U.S. Companies & Cuba Direct Foreign Investment (DFI) Update

There is horizontal Direct Foreign Investment (DFI) in the Republic of Cuba by United States-based companies as represented by:

Bethesda, Maryland-based Marriott International (hotel management)
Moline, Illinois-based John Deere (distribution center)
Peoria, Illinois-based Caterpillar (distribution center)
Chicago, Illinois-based United Airlines (operations/ticket office)
Fort Worth, Texas-based American Airlines (operations/ticket office)
Long Island City, New York-based Jet Blue Airways (operations/ticket office)
Atlanta, Georgia-based Delta Air Lines (operations/ticket office)

Since 17 December 2014, two (2) horizontal DFI proposals in the public domain were rejected by the government of the Republic of Cuba: Alabama-based Cleber LLC (a facility in the Republic of Cuba that would use parts manufactured in the United States and delivered to the Republic of Cuba to assemble tractors for the domestic market and for export) and Florida-based Florida Produce of Hillsborough County (distribution center in the Republic of Cuba featuring food and other products imported from the United States).   

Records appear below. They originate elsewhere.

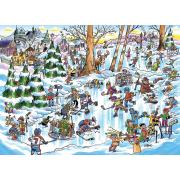 Puzzle Cobble Hill Ciudad del Hockey de 1000 Piezas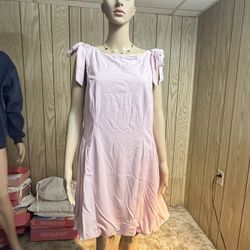 CIDER's sweet lace-up pink dress, unique and elegant XL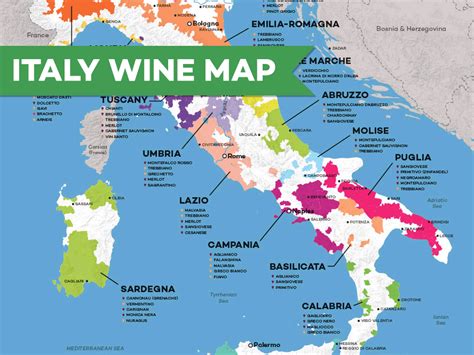 Map Of Italian Wine Regions Wine Folly Italian Wine Wine Folly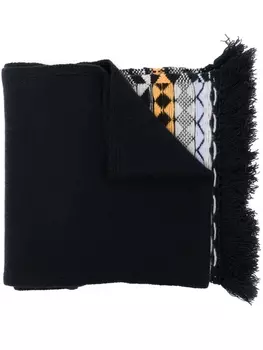 Шарф вязки интарсия N.Peal, синий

Definition Of DFI (from Investopedia)

Foreign direct investments can be made in a variety of ways, including the opening of a subsidiary or associate company in a foreign country, acquiring a controlling interest in an existing foreign company, or by means of a merger or joint venture with a foreign company.

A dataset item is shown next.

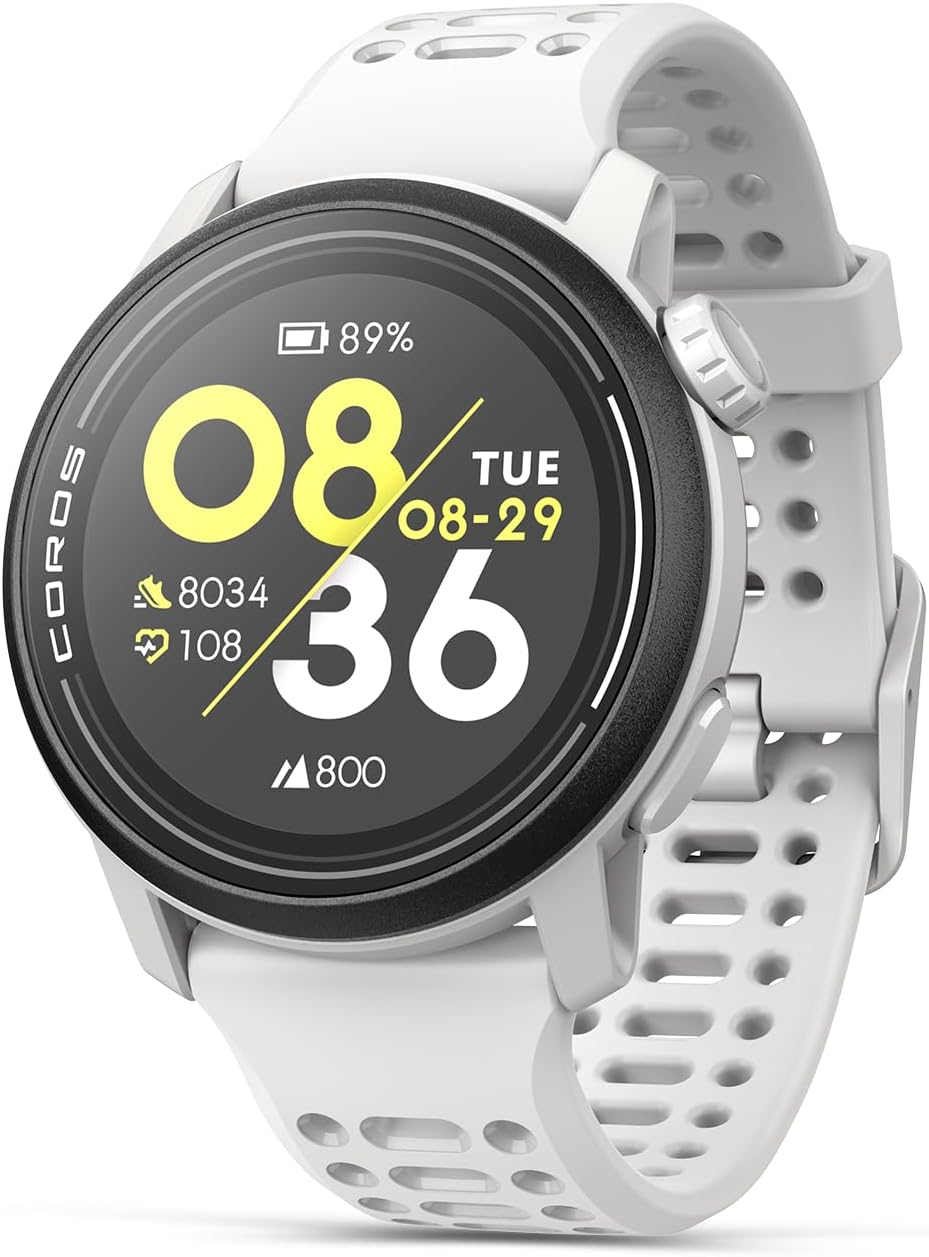 COROS PACE 3 GPS Sport Watch - Lightweight, Comfortable Running Watch, 17-Day Battery Life, Accurate GPS, Heart Rate Monitor, Navigation, Sleep Tracking - White Silicone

The threshold for a foreign direct investment that establishes a controlling interest, per guidelines established by the Organization of Economic Cooperation and Development (OECD), is a minimum 10% ownership stake in a foreign-based company, typically represented for the investor acquiring 10% or more of the ordinary shares or voting shares of a foreign company. However, that definition is flexible, as there are instances where effective controlling interest in a firm can be established with less than 10% of the company's voting shares.

Foreign direct investments are commonly categorized as being horizontal, vertical or conglomerate in nature. A horizontal direct investment refers to the investor establishing the same type of business operation in a foreign country as it operates in its home country, for example, a cell phone provider based in the United States opening up stores in China. A vertical investment is one in which different but related business activities from the investor's main business are established or acquired in a foreign country, such as when a manufacturing company acquires an interest in a foreign company that supplies parts or raw materials required for the manufacturing company to make its products. A conglomerate type of foreign direct investment is one where a company or individual makes a foreign investment in a business that is unrelated to its existing business in its home country. Since this type of investment involves entering an industry the investor has no previous experience in, it often takes the form of a joint venture with a foreign company already operating in the industry.